Eskom is keeping the lights on before elections... but should we be worried?

Eskom head office at Megawatt Park on Maxwell drive Sandton near Johannesburg. Picture: Timothy Bernard/IndependentNewspapers

Eskom head office at Megawatt Park on Maxwell drive Sandton near Johannesburg. Picture: Timothy Bernard/IndependentNewspapers

Published Apr 30, 2024


As South Africa prepares for national elections, the recent uninterrupted electricity supply by Eskom has many business people smiling across the country, but many ordinary South Africans are remaining sceptical.

Is the improvement on the provision of electricity an election ploy by the governing African National Congress to boost their chances of electoral success.

Eskom recently celebrated 21 straight days without load shedding, something that has not happened in nearly two years.

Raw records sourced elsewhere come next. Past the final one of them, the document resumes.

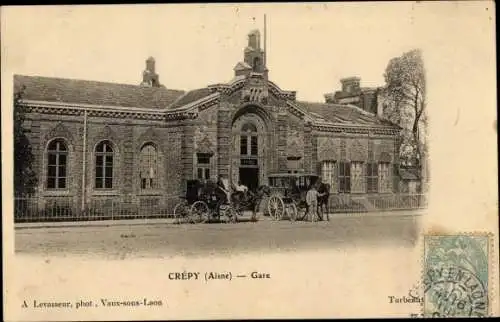 Ak Crépy Aisne, Gare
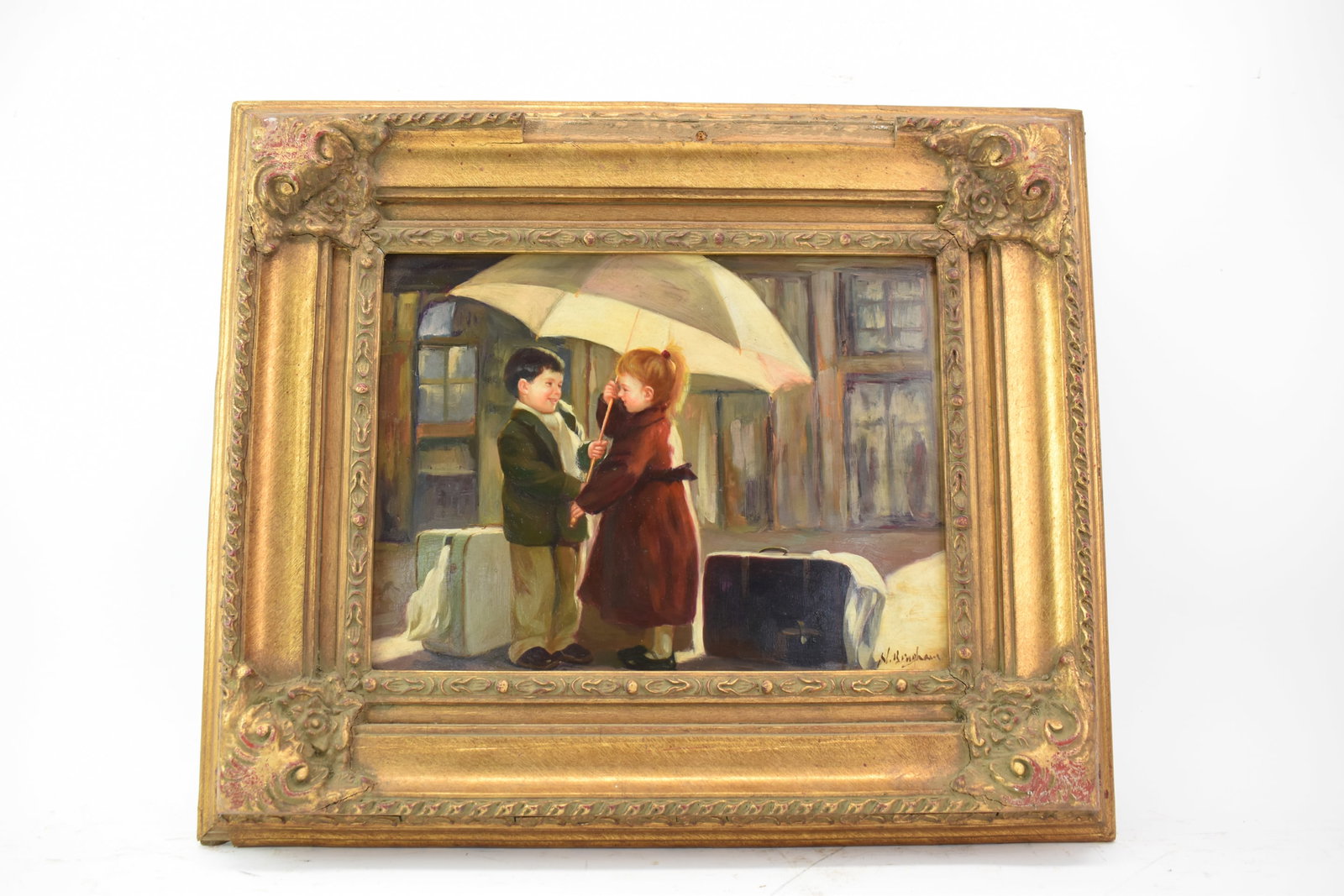 N. Henry Bingham Oil on Board of Children: N. Henry Bingham Oil on Board of Children N. Henry Bingham Oil on Board of Children with Umbrella, signed lower right by artist mounted in gilt frame. Used condition, losses to frame. Frame size 21&qu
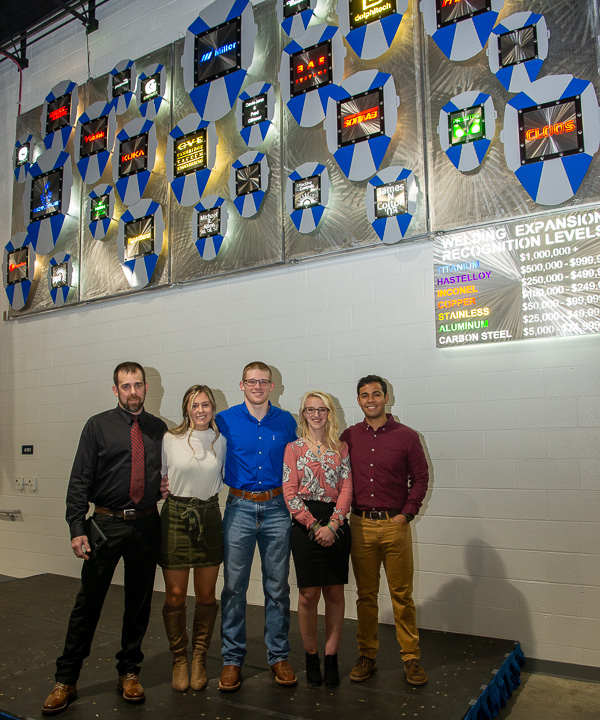 Taking their turn under the lights: welding and fabrication engineering technology students and American Welding Society members (from left): Jeremy L. Hanes, of Sabinsville; Sara D. Stafford, of West Chester; Karl W. Machamer, Lebanon; Skyler R. Graver, of Palmerton; and Axel A. Murillo, of Watsontown.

In the past two years, Mzansi has experienced 205 and over 332 days of load shedding respectively.

Eskom says this recent improvement comes from better power generation, having enough emergency reserves, and less demand for electricity.

"This recent success is thanks to our hard work in managing our power plants and the lower demand for electricity," Eskom announced, pointing to a significant change from the regular power outages South Africans have faced.

With the elections coming up at the end of May, many are questioning how the state power utility is keeping the lights on.

On social media people are sharing their doubts.

One user said: "Wait until after the elections. The power cuts we’ll face in winter will be rough."

Another user stated: "They will make good opposition then. We are still not voting for them," showing that people are suspicious of the motives behind the improvements.

Eskom’s winter forecast for load shedding predicts no more than Stage 2 load shedding.

To keep the elections smooth, Eskom is working closely with the Electoral Commission of SA (IEC) to prevent power outages on voting day.

Eskom's general manager Al'louise Van Deventer highlighted their priorities.

"We're making sure that voting stations have power on election day, and we're prepared for any unexpected issues like theft or vandalism even though we can’t guarantee there won’t be problems."

But it's not just experts and social media talking—regular people are also speaking up.

Salamina Mncube from East Rand said: "Every election, things seem to get better temporarily, but let’s see if it lasts after the votes are counted."

Sandile Motau from KwaThema added: “It feels like they're just trying to patch up a big problem temporarily. We need real, lasting solutions, not just quick fixes for votes."

Eskom is trying to make long-term improvements, like adding more power units and using new technology like the biggest battery storage system in Africa.

These steps could mean better power stability.

"We promise to keep power cuts no worse than Stage 4 this summer because of the improvements we have made," Eskom stated, showing hope for ongoing stability.